Do You Really Need to Backup Office 365?
The advent of cloud software as a service (SaaS) applications such as Microsoft Office 365 led many to believe that regular data backups were no longer necessary. While it’s true that the cloud implements a distributed server network which can be safer than local servers, it doesn’t eliminate many common ways that data can be lost.
In a study conducted in 2013 by Aberdeen Group, 32% of respondents reported that they experienced data loss from a SaaS application. The three most common causes were users accidentally deleting (47%) or overwriting data (17%), and hackers destroying it maliciously (13%).
Given that the data stored in the cloud is often critical to a business and its customers, or required for regulatory compliance, it’s important to assess the need to back it up. Here are three essential questions to ask during the assessment:
1. Which Office 365 Applications Do We Use?
The first step is to take stock of the Office 365 applications your organization uses and all the data that currently resides in the cloud. This part of the assessment should consist of accounting for how much storage is needed to back up the data and the reason the backup is needed.

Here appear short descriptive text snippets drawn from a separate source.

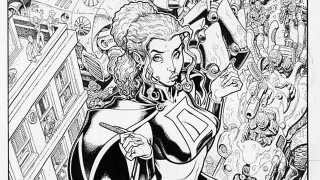 Black white drawing man surrounded - michael kaluta free wallpaper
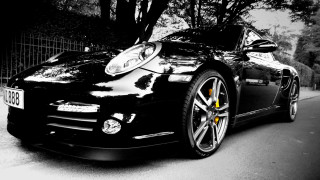Black porsche night highcontrast monochrome - a fence and trees free wallpaper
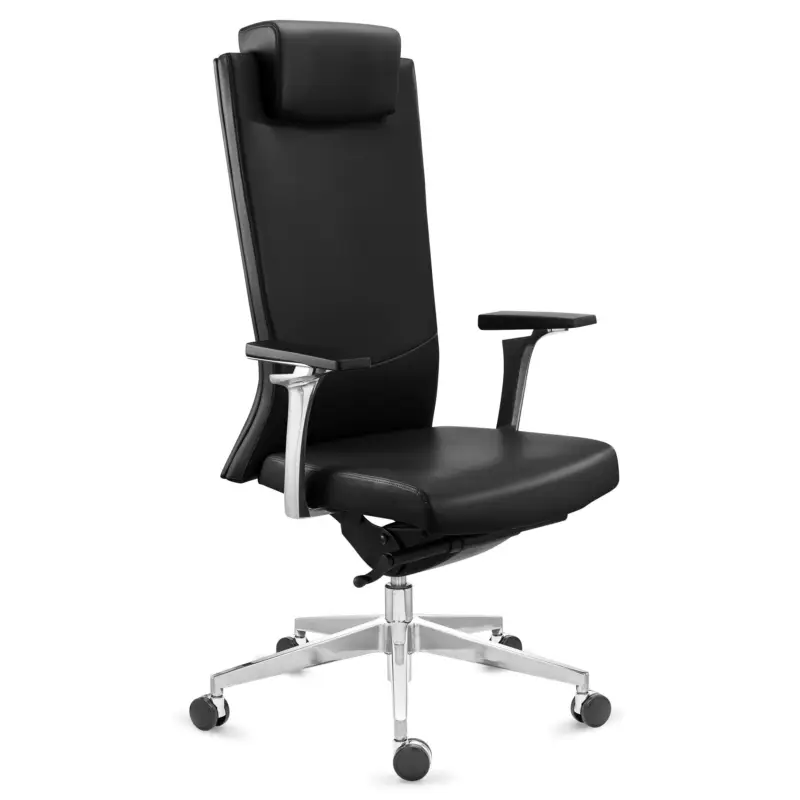A Buon Prezzo Potrona Direzionale TELMO, Elegante, Dettagli Cromati, in Vera Pelle, Nero
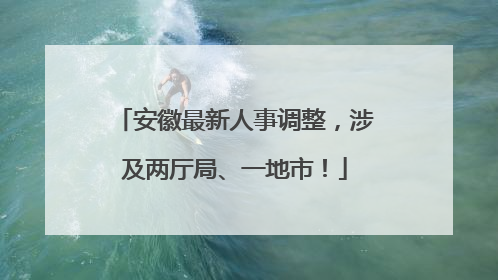 安徽最新人事调整，涉及两厅局、一地市！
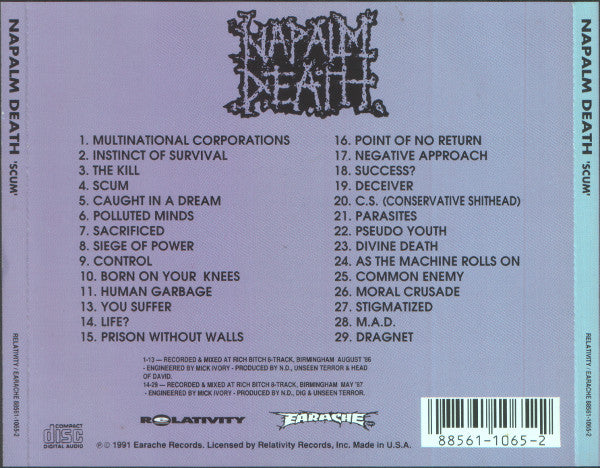 Napalm Death : Scum (CD, Album, M/Print, RE)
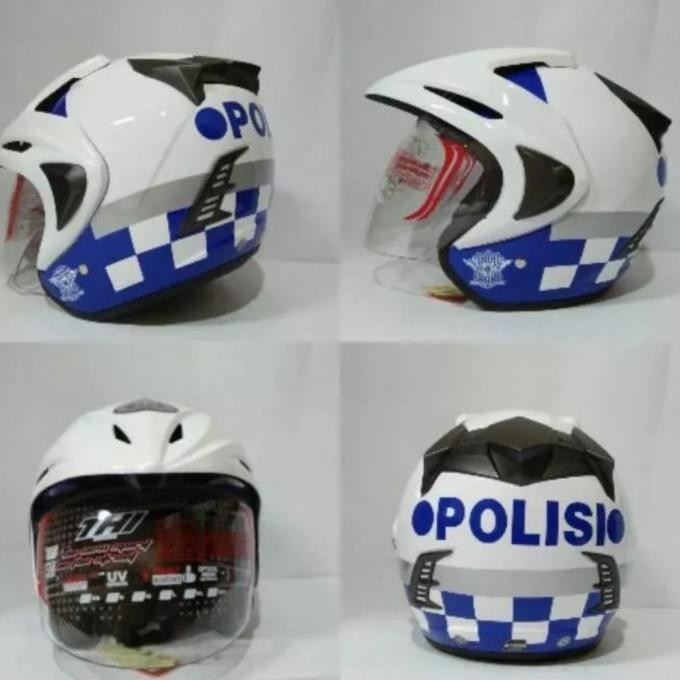 HELM MOTOR POLISI LALU LINTAS | HELM MOTOR LANTAS | HELM MOTO PUTIH 2807T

For example, your organization may need to retain all internal communications for regulatory reasons. Emails can be deleted from the cloud just as they can be deleted on local email servers, so periodic backups will ensure they are retained. Other files may contain information which is critical to business processes or customer service.
More complex is the backup of internal software development applications hosted on Microsoft’s cloud like Teams or Office 365 Groups. It’s important to assess the size and complexity of these data stores. It will help backup vendors tailor their service to your situation.
2. Are Office 365’s Protective Features Enabled?
The chances of accidental and malicious deletions can be mitigated by protective features built into Office 365. Therefore, you should also assess whether there are existing safeguards that can be implemented.
One scenario for data loss is an administrator who has privileges to delete data. It is common for the admin to manage the removal of storage space and the deletion of accounts when employees leave the company. However, when it comes to critical data, the chance exists for accidental or malicious deletions. Microsoft’s Privileged Access Management framework can require that administrators obtain approval before deleting critical data.
Another potential problem is hackers gaining access to privileged administrator accounts and destroying data on the cloud. This problem can be mitigated with strong security measures. Multi-factor authentication and products like Cloud App Security can dramatically reduce the chance of this happening.
3. Where Are the Data Security Gaps?
Once the first two steps of the assessment are complete, the next is to determine whether there are still data security gaps in Office 365. Some gaps can be closed by implementing better security and privileges management. While others may only be solved by adding periodic backups.
Any risk which can lead to data loss should be included in the discussion, whether its employee error, vendor failure, or external attacks. The importance of data should also be weighed. Data needed to comply with regulations or support critical business processes will need to be backed up.
Office 365 Backups
If the assessment reveals that Office 365 backups are necessary, the most practical solution is a third-party cloud-to-cloud backup service. Barracuda Essentials for Office 365 is a good example of such a backup and recovery solution. With these services, organizations can schedule periodic backups of records and critical data like emails and customer information. They enable the implementation of a recovery process that suits the organization, including downloads and re-installations. As an Office 365-wide service, they also bundle together the retention of Exchange emails, OneDrive backups, and SharePoint mirrors.
Create Recovery Plans
Backing up Office 365 data to a third-party cloud service is just one step in the process of protecting against data loss. It’s also important to carefully craft recovery plans for different events that can trigger the restoration of data from a backup.
Scenarios can include isolated deletions by employees of critical files, or a failure of Microsoft’s Office 365 service which leads to a large loss of data. Recovery plans should include both an authorization and deployment process to ensure critical data isn’t overwritten or overlooked.
The Future of Cloud Backups
Every business organization should periodically assess the need to backup data that resides on cloud services like Microsoft Office 365. Ideally, an assessment should be made whenever a new application is added to the company’s processes. It’s also important to reassess whether data needs backup protection in the future. Data that isn’t critical today may become critical tomorrow.
A good example of a recent event which impacted data retention policies was the implementation of data privacy regulations in Europe. Establishing solid practices around data management which go beyond current needs, makes more sense than simply meeting the industry or legislated minimum.
Thanks to flexible third-party cloud services, these issues are much easier to manage today. Organizations can contract out the storage and automation needed to backup large and complex data sets.